Why the Auer and Chevron Doctrines Matter to the TCPA
Judge Kavanaugh’s views on the appropriate role of courts in reviewing agency action suggests that he would likely seek to reexamine the deference courts give to agencies when interpreting their own regulations. A future Justice Kavanaugh may also seek to reduce the level of deference given to agencies when they interpret and apply the laws adopted by Congress. Such an approach may have long term implications for the future of the TCPA.
Currently, given the level of deference of afforded to them, regulatory agencies are encouraged to keep their regulations vague, providing desired future flexibility in how they interpret and enforce the regulations. This creates an environment in which regulations fail to provide businesses with adequate specificity to determine whether particular conduct will be found to comply with the law. Real life examples of this phenomenon – and its consequences – can be found in the TCPA.
Consider, for example, the definition of “automatic telephone dialing system” or “ATDS”. When Congress adopted the TCPA, it defined ATDS as “equipment which has the capacity— to store or produce telephone numbers to be called, using a random or sequential number generator; and (B) to dial such numbers.” The regulations adopted by the FCC provide no additional clarity, instead simply parroting that the terms “ATDS” and “autodialer” mean “equipment which has the capacity to store or produce telephone numbers to be called using a random or sequential number generator and to dial such numbers.” Thus, by not adopting regulations with any greater specificity, the FCC has left itself unbridled discretion to decide the contours of what constitutes an ATDS now and in the future and to change its mind on this important question whenever it deems a change necessary. And, of course, the continued ambiguity deprives American businesses of certainty and harms consumers by making it more difficult for all companies to make decisions about how to run their business in a manner that appropriately balances using cost-efficient technologies without running the risks of catastrophic TCPA exposure.
In theory, as courts reduce or eliminate the level of deference given to regulatory agencies to interpret the laws of Congress or their own regulations, both Congress and executive branch agencies will work harder to adopt laws that are clear and reduce ambiguities. In turn, we could see revisions to the TCPA – either the statute or the regulations, or both – that provide businesses with greater clarity. Thus, if Judge Kavanaugh is confirmed and succeeds in reducing the level of deference courts pay to federal agencies, we may see the FCC and Congress revisit the TCPA to update the statute and its implementing regulations to ensure that its reach is clear and to ensure that the FCC has sufficient authority to govern the types of calls Congress wants to regulate.

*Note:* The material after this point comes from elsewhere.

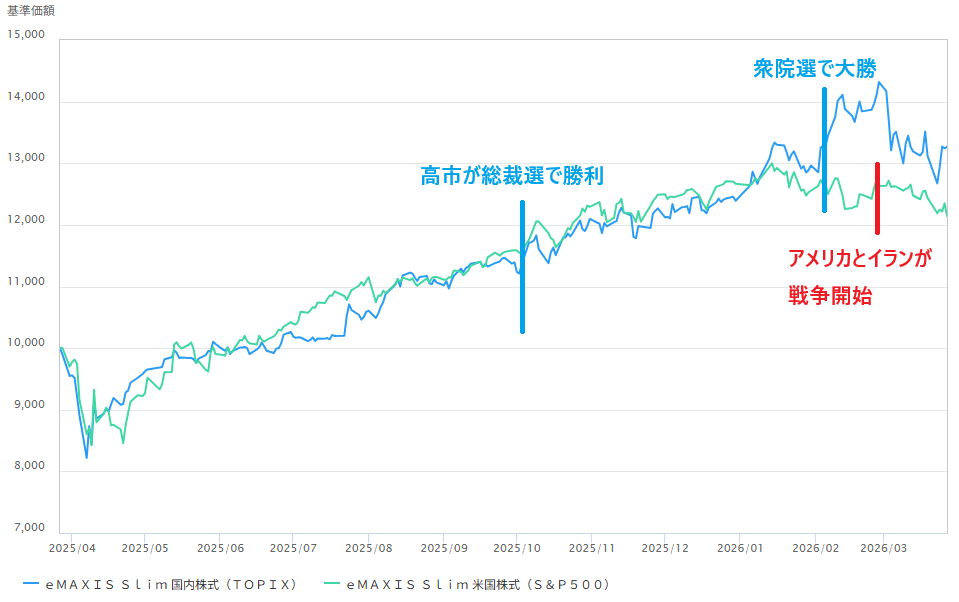 TOPIX, S&P500, オルカンのどれが良いのか？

Whether Judge Kavanaugh will ultimately succeed in his efforts to fill Justice Kennedy’s seat on the Supreme Court and, if so, whether he will be able to effectuate a fundamental change in key tenants of administrative law is yet to be seen. In the meantime, however, we can hope that the current FCC will soon resolve the critical issues that have led to a surge in TCPA litigation and left businesses without much needed guidance on the scope of the TCPA.